EXERCISE:
The required output is the exact run of lines in the listing below from the line holding "Load image into" through the line holding "NationXpress E-Ticketing", with no pictures.
*** MATERIAL FOR THIS EXERCISE Section Begins ***
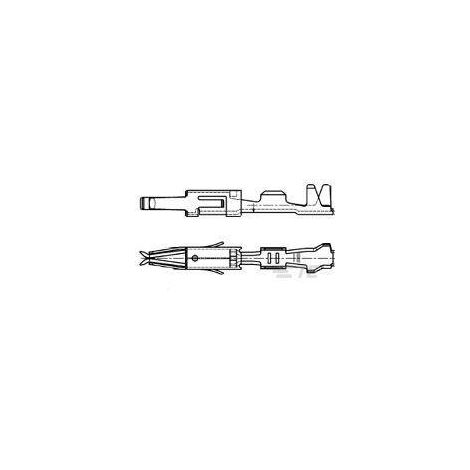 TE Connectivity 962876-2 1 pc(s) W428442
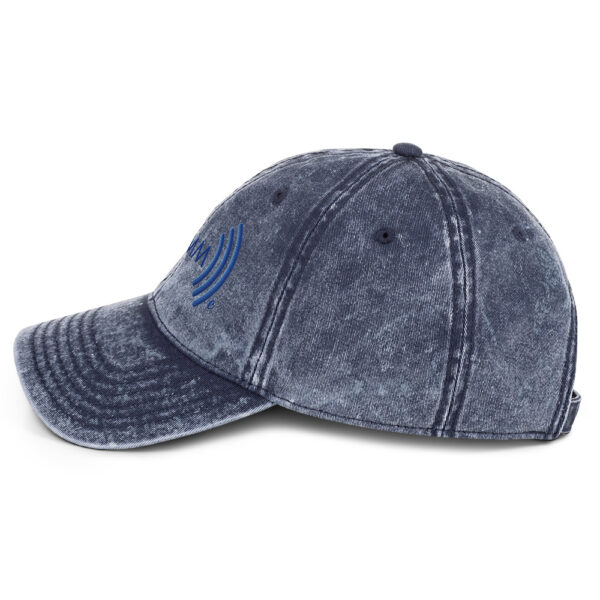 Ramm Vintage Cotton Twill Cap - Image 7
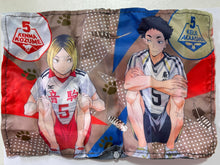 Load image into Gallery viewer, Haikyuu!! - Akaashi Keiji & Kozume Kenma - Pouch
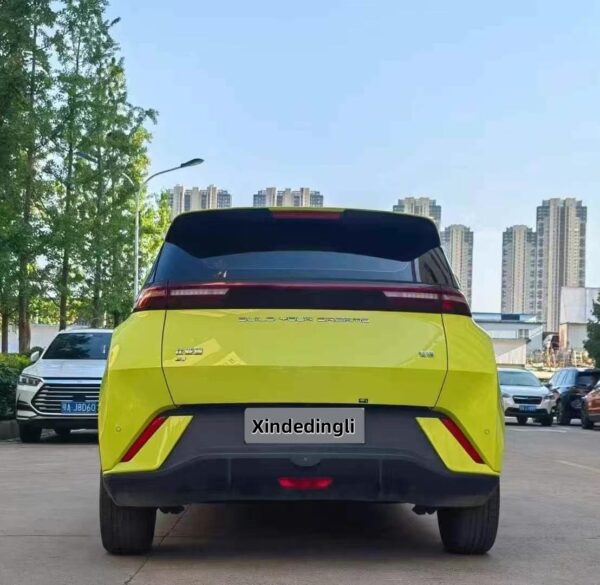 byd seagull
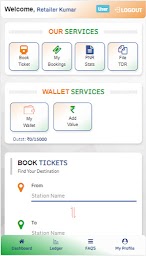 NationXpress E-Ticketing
*** MATERIAL FOR THIS EXERCISE Section Ends ***
*** MATERIAL FOR THIS EXERCISE Section Begins ***
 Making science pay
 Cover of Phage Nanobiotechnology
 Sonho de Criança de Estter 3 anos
*** MATERIAL FOR THIS EXERCISE Section Ends ***
*** MATERIAL FOR THIS EXERCISE Section Begins ***
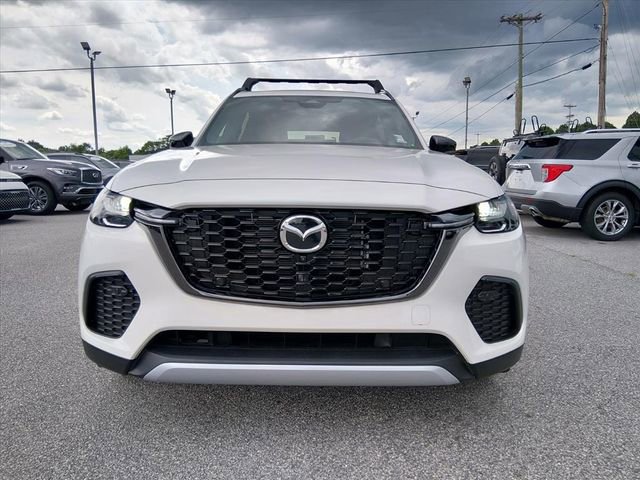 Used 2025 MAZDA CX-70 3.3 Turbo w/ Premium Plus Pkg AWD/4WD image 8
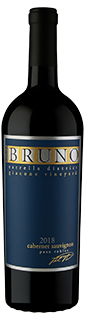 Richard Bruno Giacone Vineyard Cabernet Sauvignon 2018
*** MATERIAL FOR THIS EXERCISE Section Ends ***
WRITTEN ANSWER:
 Load image into Gallery viewer, Haikyuu!! - Akaashi Keiji & Kozume Kenma - Pouch
 byd seagull
 NationXpress E-Ticketing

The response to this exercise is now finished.